Wie viel Inklusion steckt drin?

Es ist im kleinen Team gelungen, einen Spielplatz für alle Kinder und jung gebliebene Erwachsene zu konzipieren. Beim ersten Blick unterscheidet sich der Platz durch die Fallschutzbeläge. Alle Wege und Zuwege sind barrierefrei, kontrastreich, mit Leitlinien für Sehbeeinträchtigte beziehungsweise Blinde gestaltet. Mobil eingeschränkte oder auf rollende Hilfsmittel angewiesene Besucherinnen und Besucher erreichen so jedes Spielgerät. Wir setzten stark auf Kommunikation und haben versucht, eine große Schnittmenge verschiedener Bedürfnisse zu berücksichtigen. Final kommt es immer auf die Wünsche und Möglichkeiten des oder der Einzelnen an, aber auch auf deren Mut, etwas Neues auszuprobieren. Durch die Beratung unserer Heilpädagogin konnten wir viele Spielgeräte mit speziellen Spielelementen ausstatten. Eine große taktile Tafel mit Spielplatzplan in Brailleschrift war uns wichtig und eine auf Piktogrammen basierende Kommunikationstafel unterstützt Nichtsprecher und Besucher mit unterschiedlichen Sprachfähigkeiten.

Interview

Elisabeth Neuhäusler engagiert sich für ein gleichberechtigtes Zusammenleben von Menschen mit und ohne Beeinträchtigung. Ihre 42-jährige Erfahrung im klassischen Musiktheater als Solistin im Mezzofach nutzt sie in ihrer ehrenamtlichen Tätigkeit als Behindertenbeauftragte der oberbayerischen Stadt Miesbach.
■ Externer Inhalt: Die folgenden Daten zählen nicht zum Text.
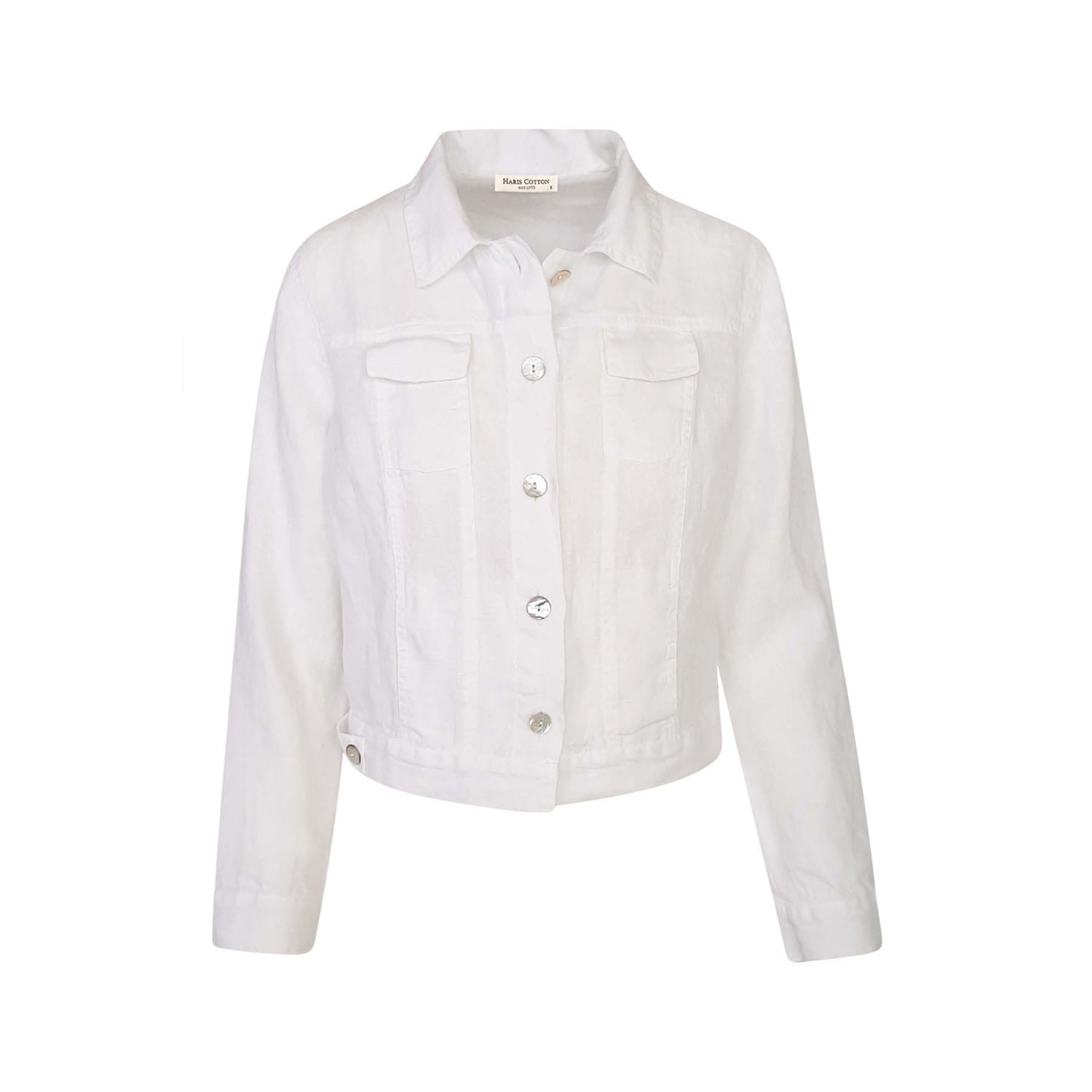 Haris Cotton Long Sleeved Linen Jacket In White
2006 verabschiedete die UN das »Übereinkommen über die Rechte von Menschen mit Behinderung«. Darin ist von Gleichberechtigung durch Inklusion die Rede. Was hat sich seitdem getan?

Es hat sich einiges bewegt, aber wenn man bedenkt, dass bereits 18 Jahre vergangen sind, sind wir doch verhältnismäßig weit entfernt vom Ideal, Inklusion in allen Lebensbereichen zu leben. Das grundsätzliche Verständnis für den beeinträchtigten Mitmenschen wird viel zu wenig fokussiert, geschweige denn gefördert.
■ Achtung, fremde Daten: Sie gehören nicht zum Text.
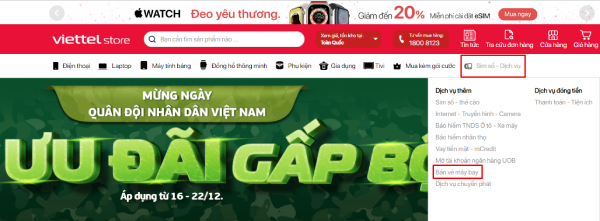 Mua vé máy bay trực tiếp tại website Viettelstore.vn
Laut einer Studie von Aktion Mensch gibt es in Deutschland immer noch zu wenige inklusive Spielplätze, obwohl die ersten bereits in den 1990er Jahren entstanden sind. Fehlt es am politischen Willen?

Leider muss ich hier eindeutig mit »ja« antworten. Menschen mit Beeinträchtigung – immerhin sind es deutschland- und weltweit zehn Prozent – haben lange nicht die Lobby, die sie bräuchten. Das Thema Inklusion rückt bei Nichtbetroffenen regelmäßig in den Hintergrund. Viele verlassen sich darauf, dass alles rechtlich geregelt ist. Aus meiner Erfahrung kann ich sagen, dass das, was vorgeschrieben ist, nur die Mindestausstattung, oft aber nicht ausreichend ist. Neben dem Willen und dem Bewusstsein fehlt auch das Geld.
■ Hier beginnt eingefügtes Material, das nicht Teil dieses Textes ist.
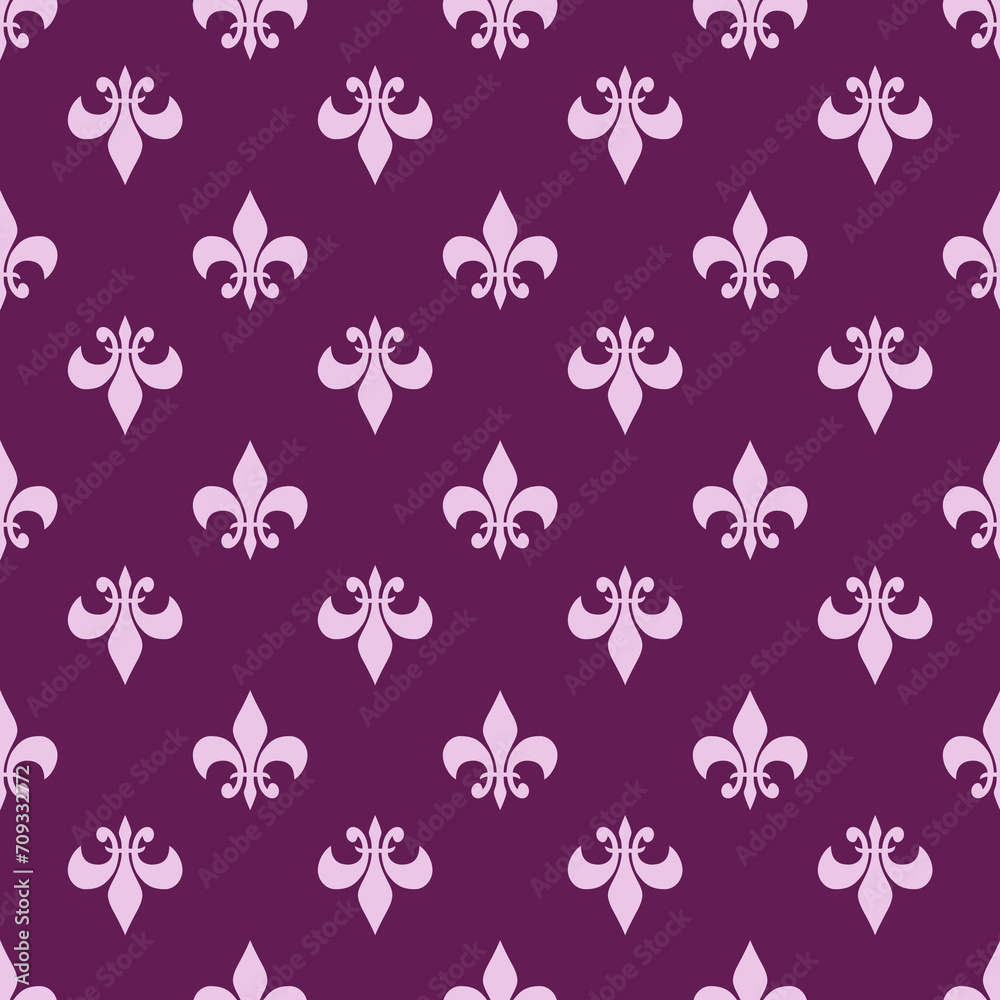 Fleur De Lis Purple French Damask Luxury Decorative Fabric Pattern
Wie wichtig ist Inklusion von klein auf?

Bereits für Kinder Inklusionsangebote zu schaffen, ist Gold wert. Sie gehen ohne Vorbehalte auf ihr Gegenüber zu, es werden Freundschaften geschlossen, die nicht selten ein Leben lang halten, ohne das Handicap als Nachteil zu erleben.

Sie selbst sind Mutter eines erwachsenen, geistig beeinträchtigten Sohnes …

Felix ist geistig, motorisch und sensomotorisch beeinträchtigt. Mit Hilfestellung konnte er sich als Kind relativ gut auf Spielplätzen bewegen. Durch die allmähliche Reduzierung seiner körperlichen Fähigkeiten schränkte sich das Angebot für ihn immer mehr ein. Weil er sich »zu alt« vorkam, wollte er irgendwann nicht mehr auf den Spielplatz. Dann steht man als Eltern vor einem Problem, denn Bewegung ist auch für beeinträchtigte Menschen wichtig. Auf unserem Spielplatz gibt es jetzt einen Kletter- und Balancier-Parcours, den auch er mit seinen mittlerweile 30 Jahren und 1,82 Metern Körpergröße noch »cool« findet.

Sie wissen auch um die Probleme einer Mehrfachbelastung …

Felix ist unser zweites Kind. Sein Bruder ist etwa zwei Jahre älter. Meine Arbeit als Mezzosopranistin am Freien Landestheater Bayern nahm ich ziemlich bald wieder auf. Trotz Unterstützung meines Mannes war es eine große Herausforderung, weil der Haushalt sich auch nicht von alleine machte. Es wurde bei Felix erst mit etwa einem Jahr deutlich, dass er künftig wesentlich mehr Hilfe benötigen würde als ein gesundes Kind. Als Felix viereinhalb Jahre alt war, haben wir ein Au-pair hinzugezogen.

Und heute?

Vor eineinhalb Jahren habe ich meine Tätigkeit als Sängerin quasi an den Nagel gehängt und damit meine Tätigkeit am Theater erheblich reduziert. Dadurch gibt es freie Zeitfenster, in denen ich mich meiner starken sozialen Neigung, für andere Menschen da zu sein, widmen kann.

Sie engagieren sich auch privat für behinderte Menschen …

Ja, dafür hatte ich immer schon ein Faible und durch Felix bin ich noch stärker mit diesen wunderbaren Menschen in Kontakt gekommen. Es ist mir eine große Freude zu sehen, was ich für andere bewirken kann.

Wie wichtig ist dabei Ihre Arbeit im Theater?

Im Musiktheater braucht es viele Typen von Menschen in unterschiedlichsten Aufgabenbereichen. Um Freude am Beruf zu haben, ist Offenheit für jeden Einzelnen unabdingbar. Eine Rangordnung darf es nicht geben – wir sitzen alle in einem Boot und haben ein gemeinsam zu erreichendes Ziel. Das lässt sich eins zu eins auf unser soziales Leben umsetzen. Menschen mit und ohne Beeinträchtigung sind dann stark, wenn sie bereit sind, offen füreinander zu sein und sich gegenseitig zu (unter-)stützen. Ohne Vorurteile und Hemmungen!

Als Preisträgerin für Kultur und Gesellschaft Ihrer Stadt genießen Sie öffentliche Aufmerksamkeit. Wie hilfreich ist diese?

Eine gute Position in der Öffentlichkeit zu haben, schadet sicherlich nicht. Meines Erachtens kommt es neben der Begeisterungsfähigkeit für eine Sache wohl auch auf das Auftreten und eine gute Kommunikationsfähigkeit an. Final ist wohl entscheidend, eine gute Vernetzung mit Behörden und politischen Funktionsträgern zu haben, im Gespräch zu bleiben und nicht aufzugeben. Der Weg ist das Ziel!